長谷川伸&小林まこと、講談社。先にシリーズ二作目「沓掛時次郎」を読み、うろうろと探していたら地元のブコフで発見即ゲットだった、シリーズ一作目。一言で言えばラッキーゲット。非常に印象的だった二作目(読書順の感覚から言うと、時さんの方が一作目なのだが)と対比すると、色々と逆を打ってある部分が多く、そこにまず興味を引かれた。
十年の断絶がある弥太、親子にリアルタイムで張り付く時さん。斬る人生の中一瞬触れ合った袖を頼りに生き延びる弥太、脇差を売り払って刺子を買う時さん(まぁ結局、命金の一両欲しさに一日殺し仕事に戻るわけだけど)。そこらへんの劇作的な対比が、しかし股旅の根っこに流れるやせ我慢の感覚、ハードボイルドの空気を強調して印象強い。
袖刷りあうだけの他生の縁に、命の五十両をぽん、と投げ捨てる気概。その始末を結局は、長ドス一本でつけるしかない稼業の無惨(神楽獅子との殺陣は、流石の小林先生の漫画力。ド迫力で中盤の山場と言うのに相応しい)。名乗らず一目、傘の下で一筋涙してつける始末。森助の「おらぁおめぇに斬られて死にてぇ!」も合わせて、場面場面の見得力が圧倒的に高い。小林先生の漫画力と、長谷川先生の原作の骨の太さ。両方が合い混じった結果だといえる。

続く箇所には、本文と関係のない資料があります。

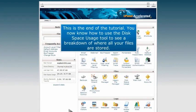This is the end of the tutorial. You now know how to use the Disk Space Usage Tool to see a breakdown of where all your files are stored.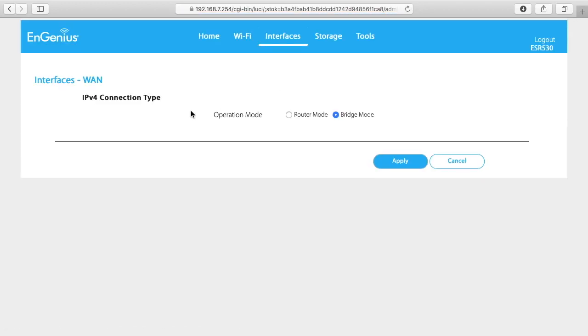And here we have the IPv4 connection type. It says operation mode in router or bridge mode. So I have bridge mode selected here because in the last video I shot with these I was setting it up on an existing network. The first video I made I set it up in router mode and you can do that all through the app interface. This is how you can set up DHCP or PPPoE or things like that on the WAN interface.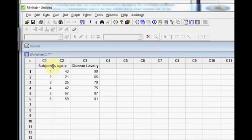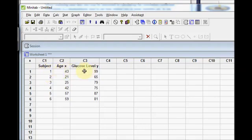I have entered my data into a worksheet. I have got 6 subjects with their ages and their glucose levels. I want to find out if the age and glucose level are correlated.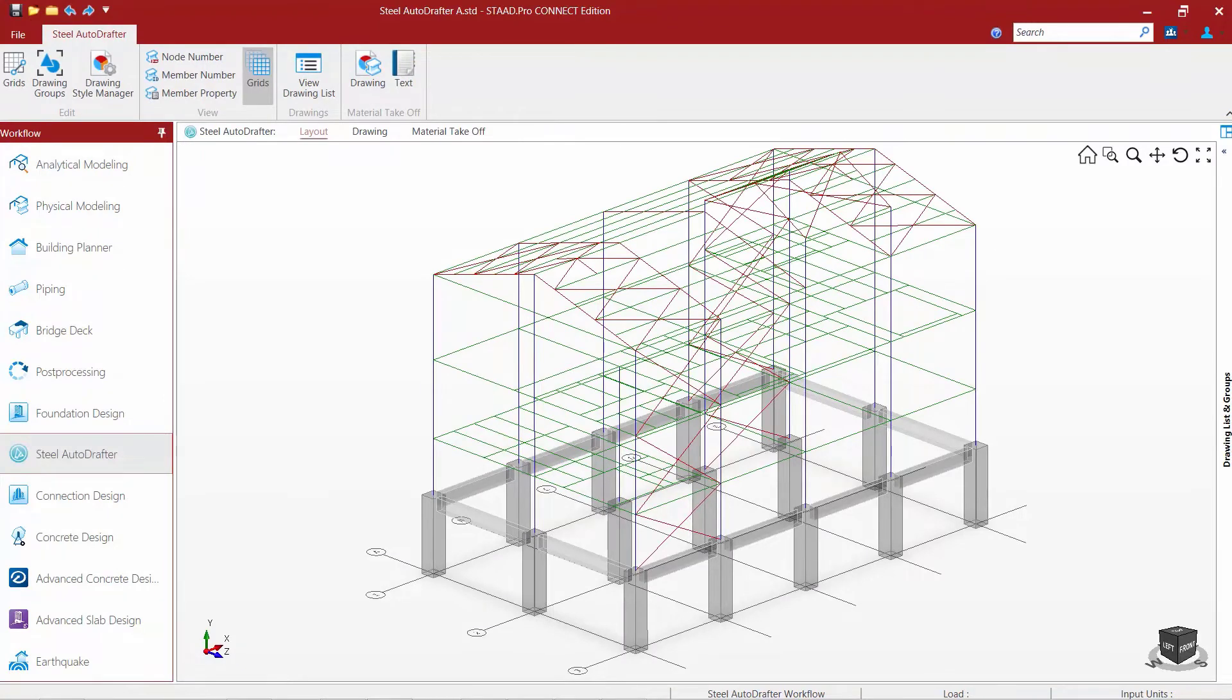Now that we've entered the Steel AutoDrafter, let's take a first look at the graphical user interface that is presented to us.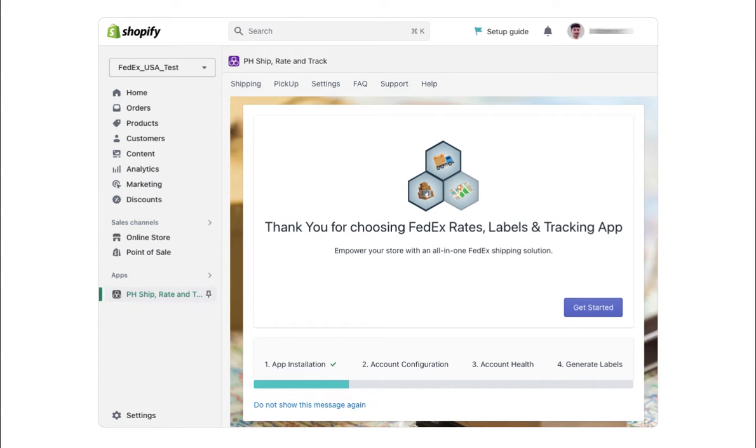After installing the PluginHive app for FedEx, the first step is to register your FedEx account.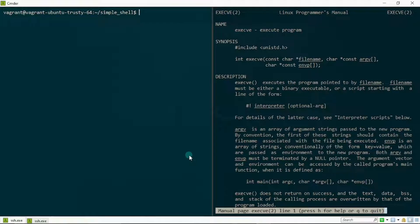Hello everybody, Jesse here from Jesse's Lab. Today I'm really excited because we're going to be learning about the exec system call. We're going to be putting everything we've learned so far in context — the process ID, the parent process ID, the wait system call, the fork system call — everything will be put in context by understanding how the exec system call works.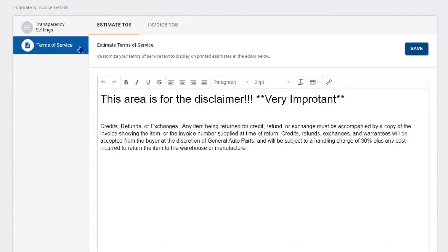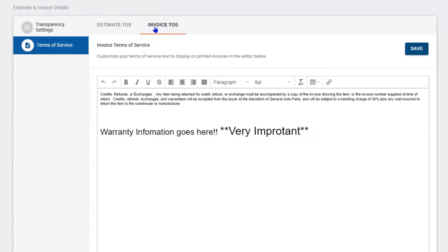This is where the disclaimers go, and you have two areas: the Estimate Terms of Service and the Invoice Terms of Service. The Estimate Disclaimer is typically going to state that you authorize them to work on your car, drive it, scan it, and do anything they need to it. The Invoice Terms of Service is typically at the end of the transaction, where we need to catch the signature and make sure the customer knows what our warranty is and state any information that our state requires.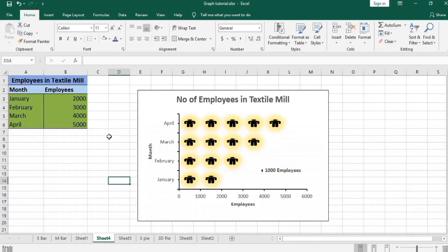Welcome to all of you in Teaching Junction channel. In this tutorial, we will learn how to make these pictograms using Microsoft Excel. These pictograms are a popular device for portraying data by means of pictures or small symbols.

義理と人情秤にかけりゃ。結局は使い古されたこの言葉に、股旅のよさは戻るのかもしれない。だが、それの生まれ所は長谷川先生なわけで。長谷川先生が生み出した(といっちゃって良いだろう)股旅物というジャンルの魅力を、パリッパリに新鮮な、それでいて懐かしさを感じる味わいでリバイバルした小林先生の、やはり分厚すぎる筆力をひしひしと感じる漫画であった。三作目をじわりと待つ。